■ **Task item**:
In the records below, the line that contains "FRANKE - Franke" marks the start. Copy it and each line after it through the end, exactly, without pictures.

■ **Stored dataset items**:
=== Begin Enclosure ===
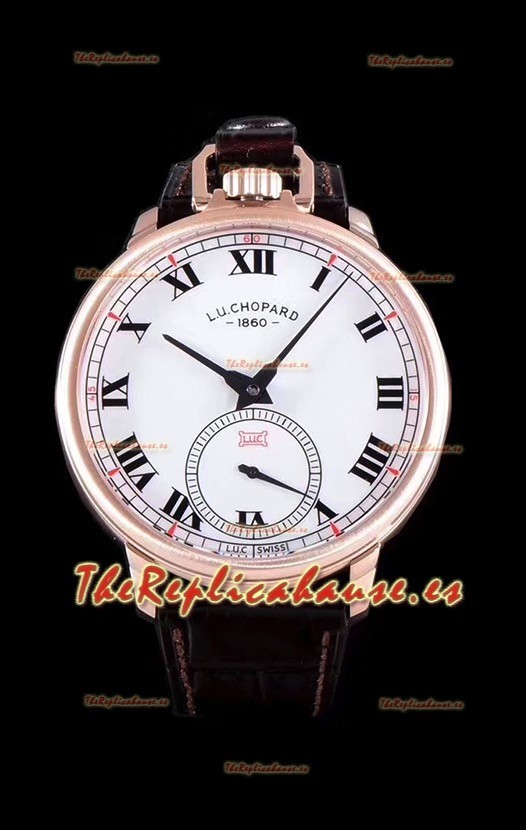 Chopard Louis-Ulysse The Tribute Reloj Suizo de Oro Rosado con Dial Blanco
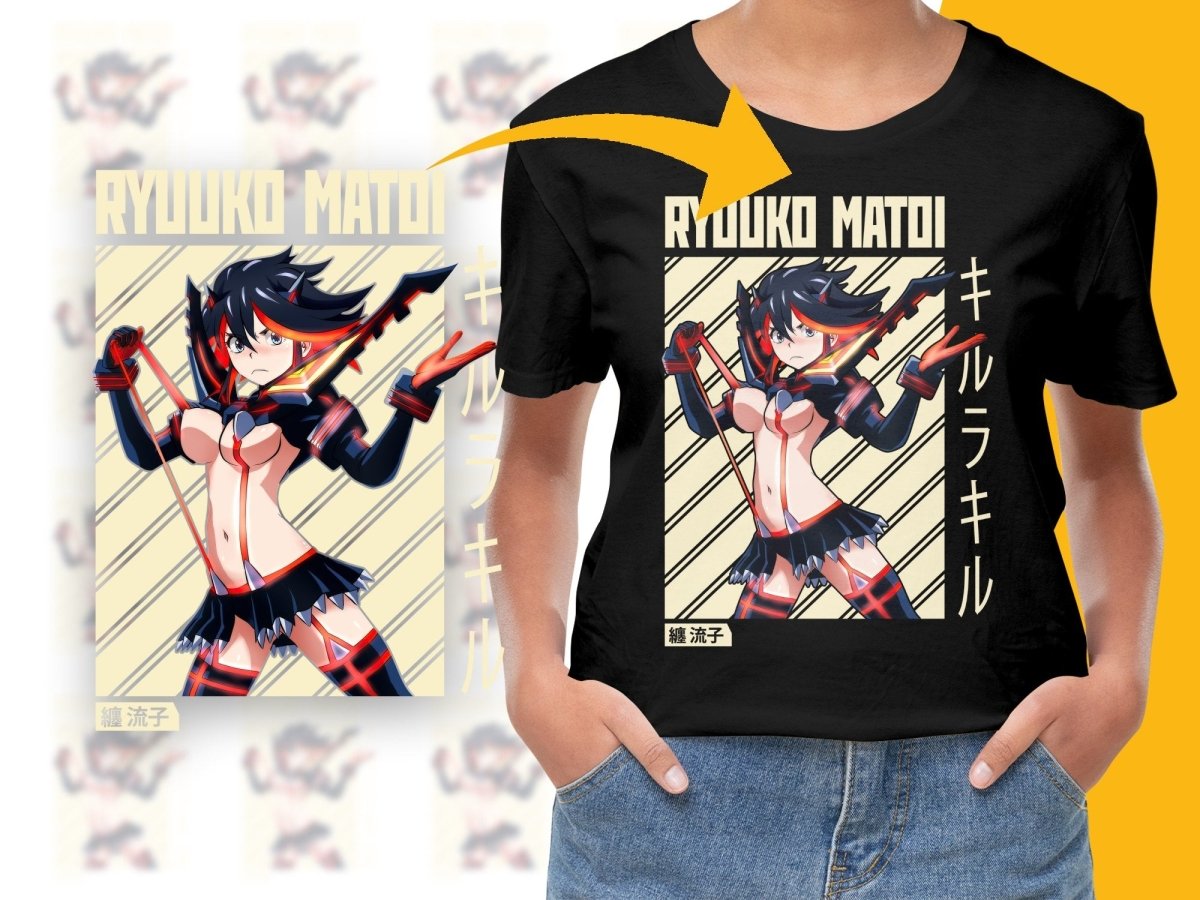 Ryuko Matoi Kill la Kill Anime Character PNG Digital - Teepew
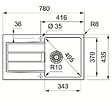 FRANKE - Franke SIRIUS - 2.0 S2D 611-78 Tectonite® Evier à encastrer Noir - vignette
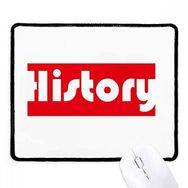 Dıythinker Siyah Course And Major History Kırmızı Kaymaz Fare Altlığı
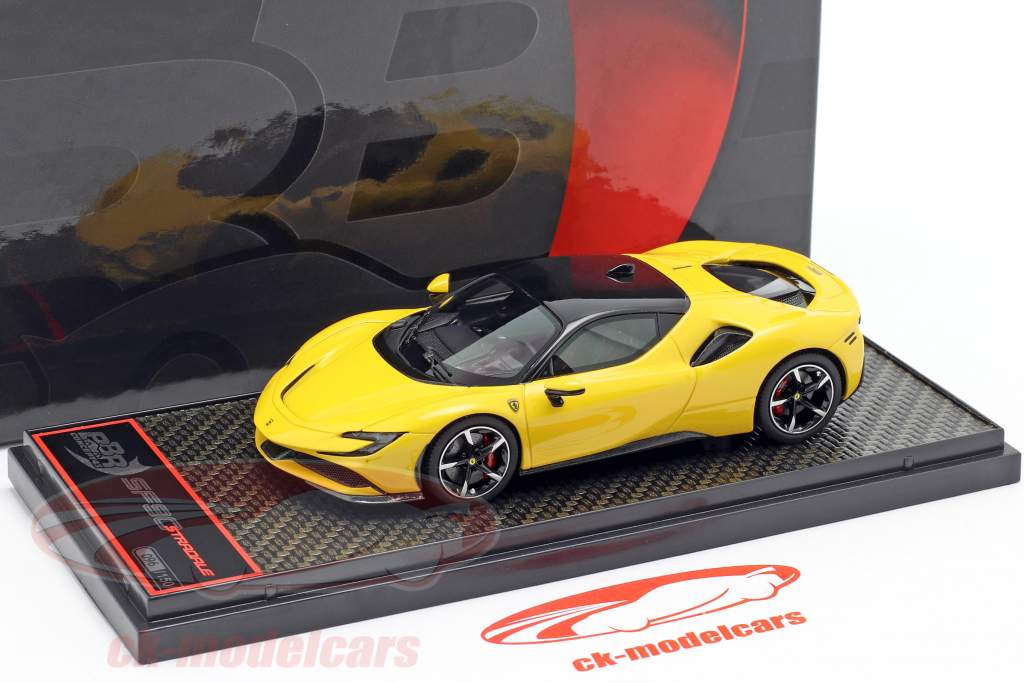 Ferrari SF90 Stradale Année de construction 2019 modena Jaune 1:43 BBR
=== End Enclosure ===
■ **Exercise output**:
 FRANKE - Franke SIRIUS - 2.0 S2D 611-78 Tectonite® Evier à encastrer Noir - vignette
 Dıythinker Siyah Course And Major History Kırmızı Kaymaz Fare Altlığı
 Ferrari SF90 Stradale Année de construction 2019 modena Jaune 1:43 BBR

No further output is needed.